▶ [PROBLEM DESCRIPTION]: Without including any picture, write out the entries exactly as they stand.

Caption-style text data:
=-=-=
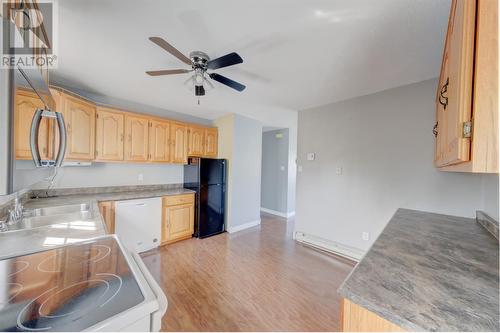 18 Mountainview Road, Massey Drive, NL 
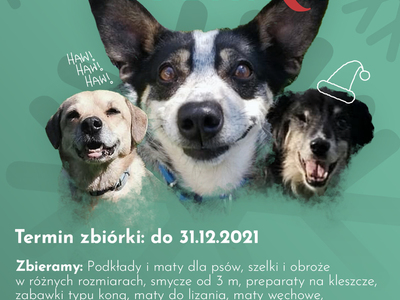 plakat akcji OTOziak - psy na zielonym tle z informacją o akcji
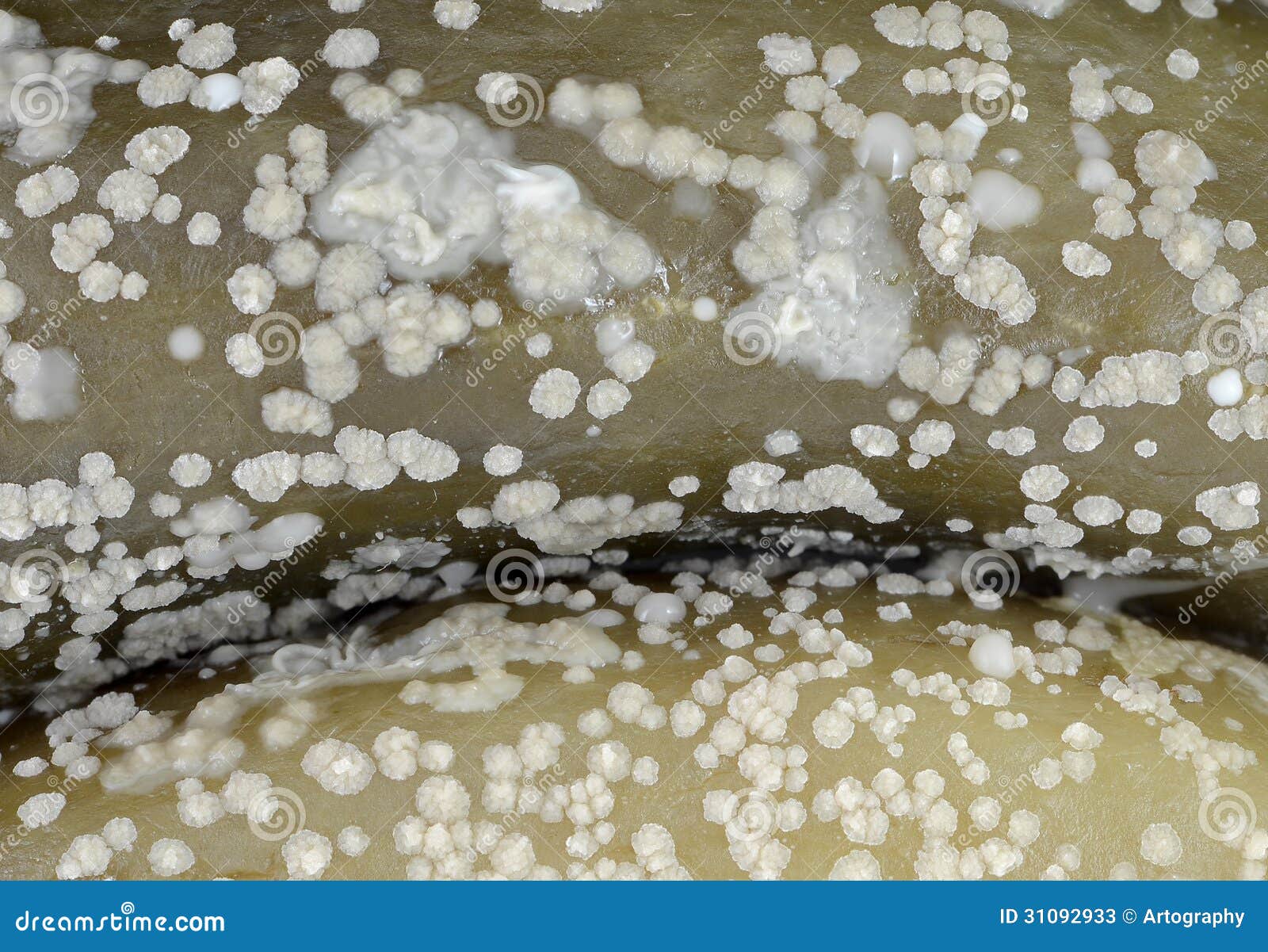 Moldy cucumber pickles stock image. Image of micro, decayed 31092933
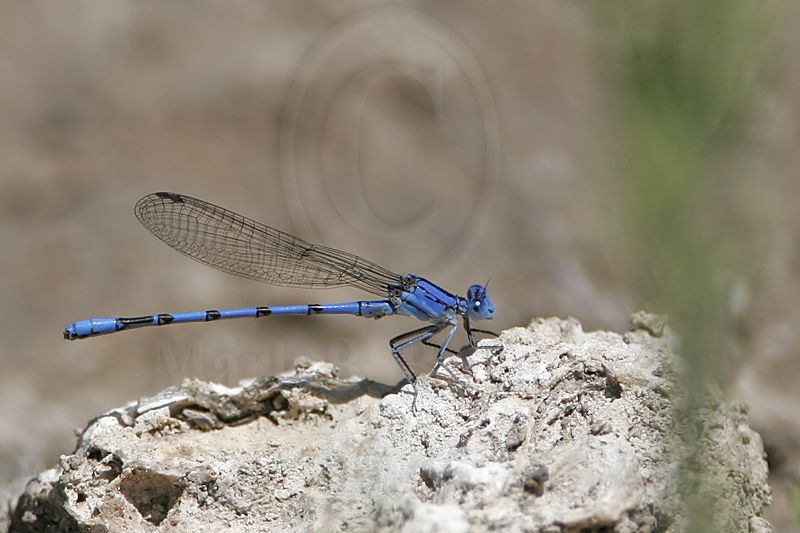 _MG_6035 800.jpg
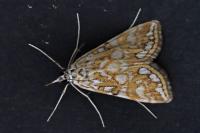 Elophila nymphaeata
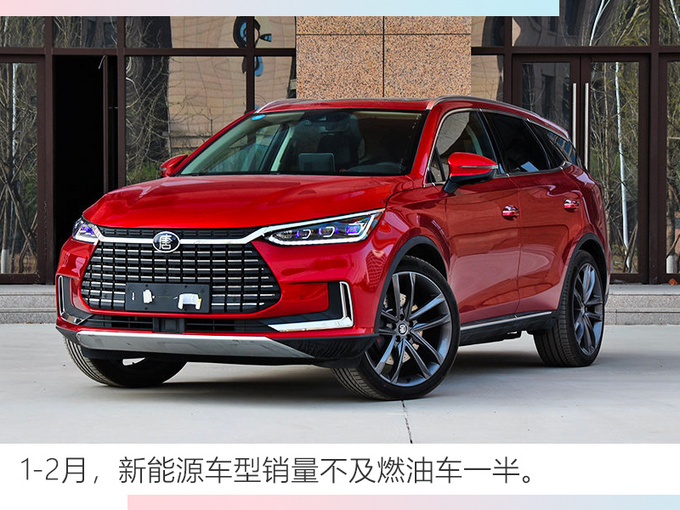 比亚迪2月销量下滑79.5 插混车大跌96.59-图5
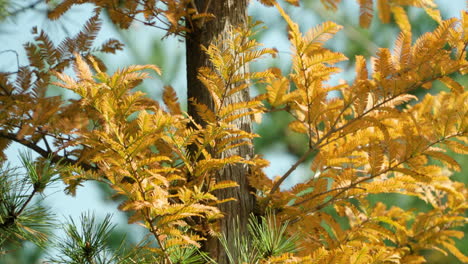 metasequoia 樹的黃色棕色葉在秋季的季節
=-=-=
▶ [TASK OUTPUT]:
 18 Mountainview Road, Massey Drive, NL 
 plakat akcji OTOziak - psy na zielonym tle z informacją o akcji
 Moldy cucumber pickles stock image. Image of micro, decayed 31092933
 _MG_6035 800.jpg
 Elophila nymphaeata
 比亚迪2月销量下滑79.5 插混车大跌96.59-图5
 metasequoia 樹的黃色棕色葉在秋季的季節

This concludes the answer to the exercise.